Action item
Exact copies of the lines below, from the one with "Charmante maison de campagne" up to and including the one with "Nissan Micra 1.0i - 6", are what this calls for; leave out pictures.

Given data
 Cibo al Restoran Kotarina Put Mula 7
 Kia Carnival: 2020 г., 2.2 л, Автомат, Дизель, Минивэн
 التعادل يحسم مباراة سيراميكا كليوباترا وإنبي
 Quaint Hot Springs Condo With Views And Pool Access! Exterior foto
==
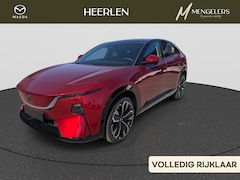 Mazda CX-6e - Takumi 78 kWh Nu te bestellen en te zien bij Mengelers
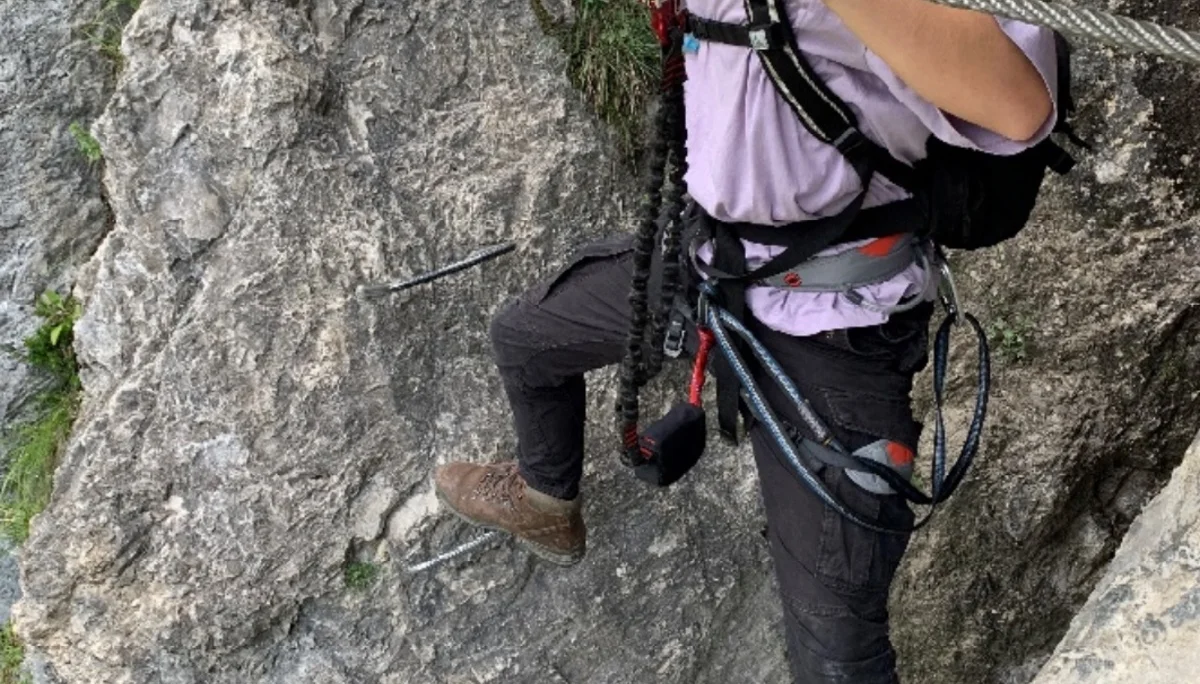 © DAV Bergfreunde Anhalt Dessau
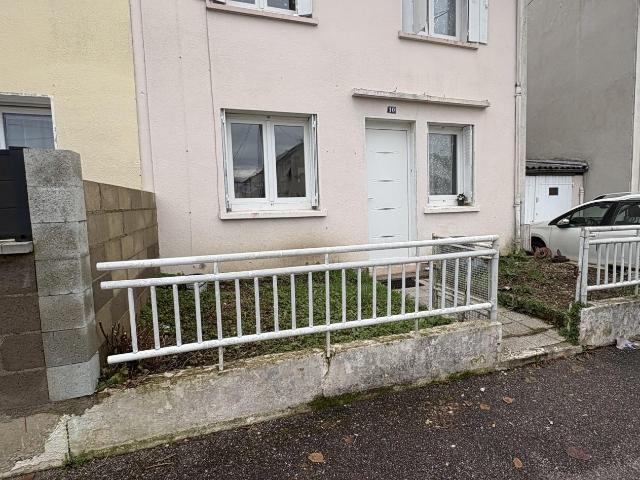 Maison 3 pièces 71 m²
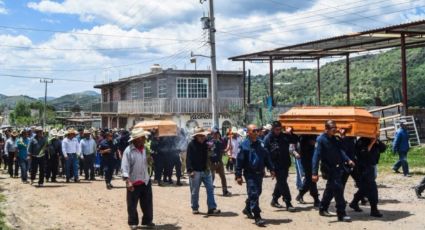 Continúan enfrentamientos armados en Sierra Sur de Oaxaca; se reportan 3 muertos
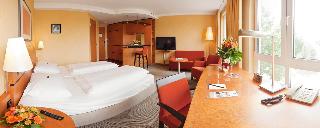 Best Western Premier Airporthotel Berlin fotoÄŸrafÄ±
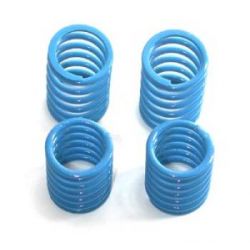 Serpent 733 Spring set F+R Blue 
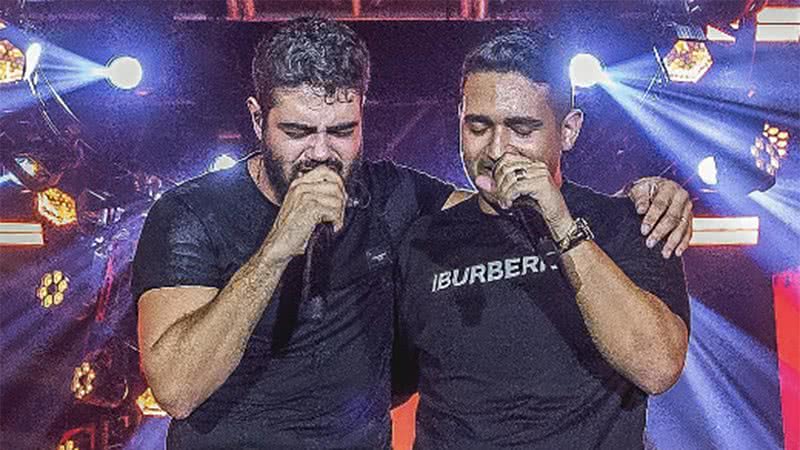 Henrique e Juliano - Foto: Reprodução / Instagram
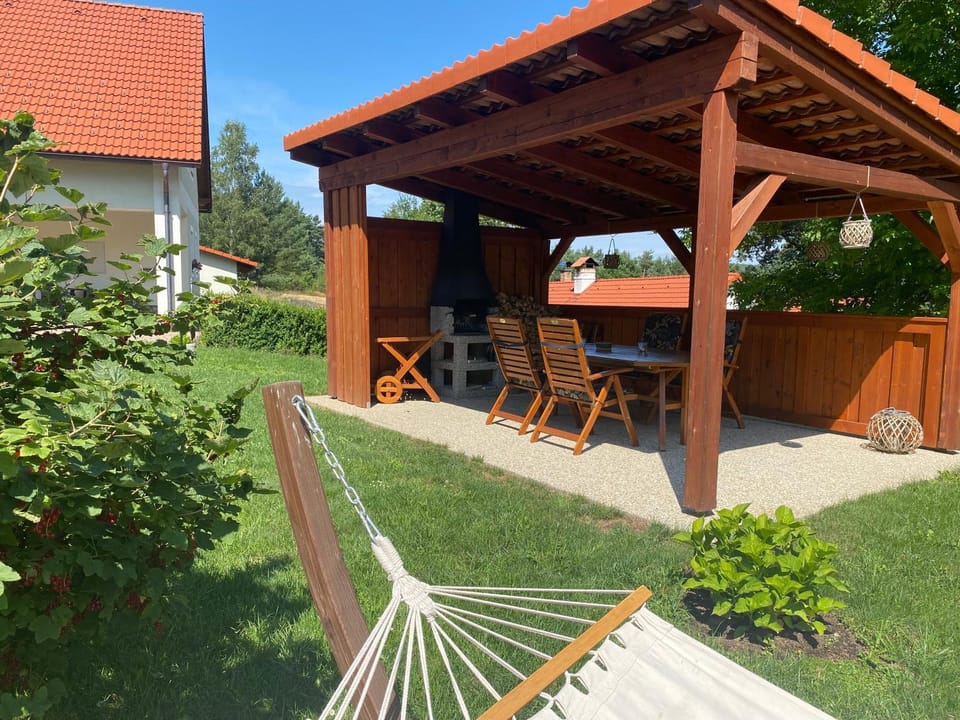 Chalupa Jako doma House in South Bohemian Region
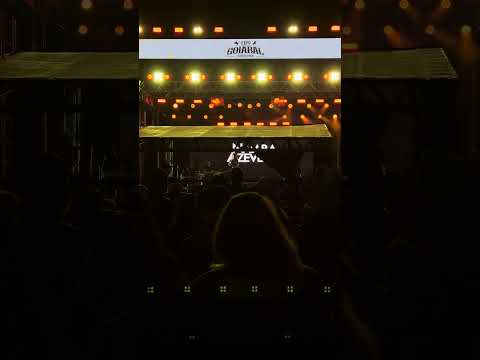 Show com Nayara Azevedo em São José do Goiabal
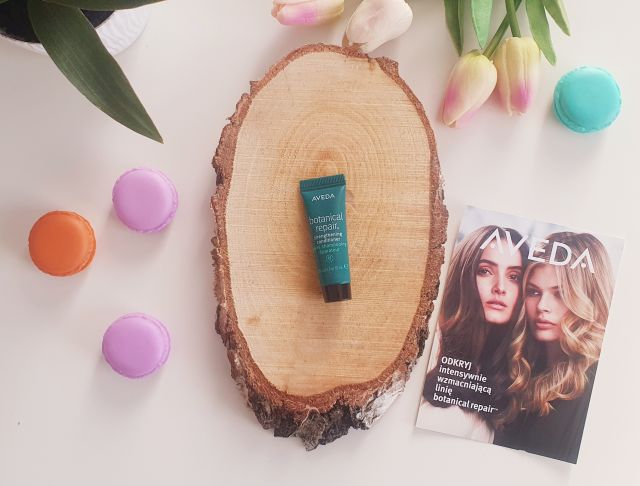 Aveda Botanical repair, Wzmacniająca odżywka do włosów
* * *
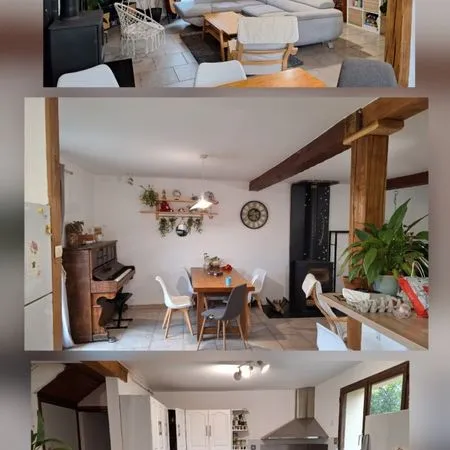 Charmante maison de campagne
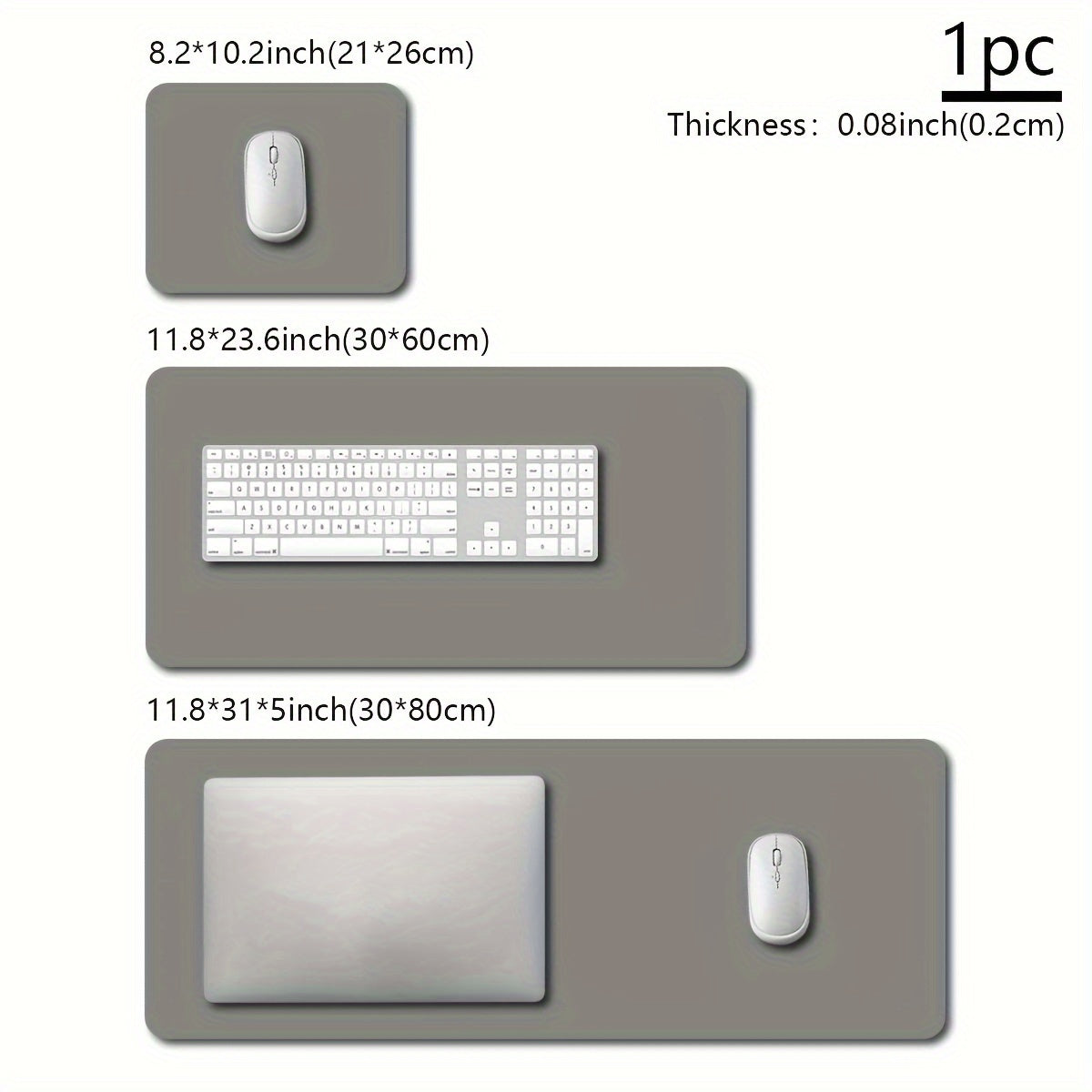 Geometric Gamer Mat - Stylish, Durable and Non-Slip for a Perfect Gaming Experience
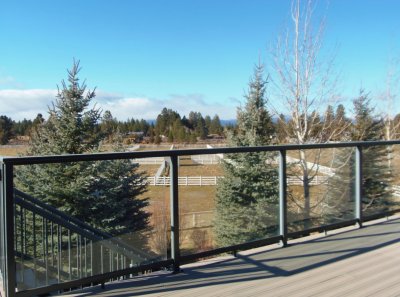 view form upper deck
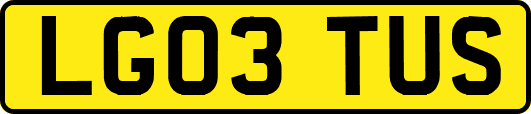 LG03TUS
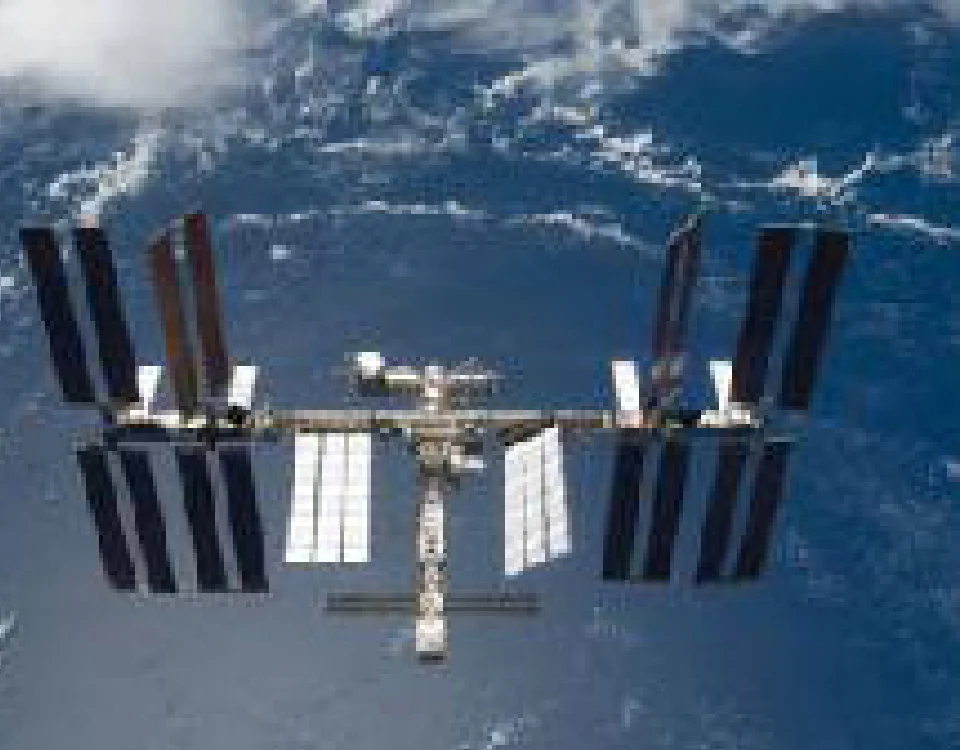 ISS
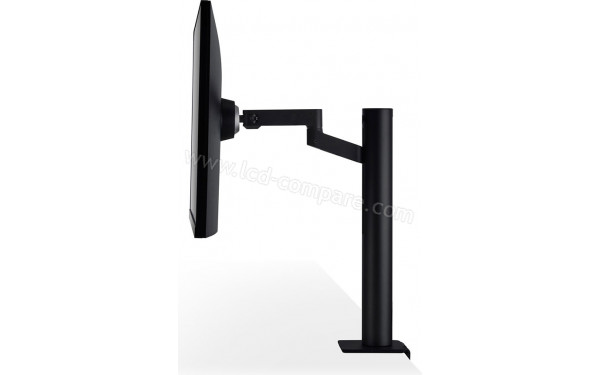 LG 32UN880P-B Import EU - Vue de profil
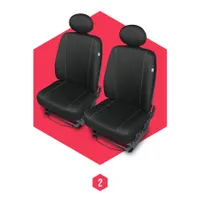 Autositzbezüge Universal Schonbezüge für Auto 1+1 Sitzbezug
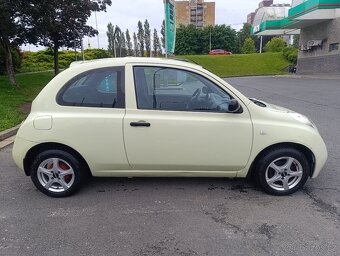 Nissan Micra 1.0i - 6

Task answer
 Charmante maison de campagne
 Geometric Gamer Mat - Stylish, Durable and Non-Slip for a Perfect Gaming Experience
 view form upper deck
 LG03TUS
 ISS
 LG 32UN880P-B Import EU - Vue de profil
 Autositzbezüge Universal Schonbezüge für Auto 1+1 Sitzbezug
 Nissan Micra 1.0i - 6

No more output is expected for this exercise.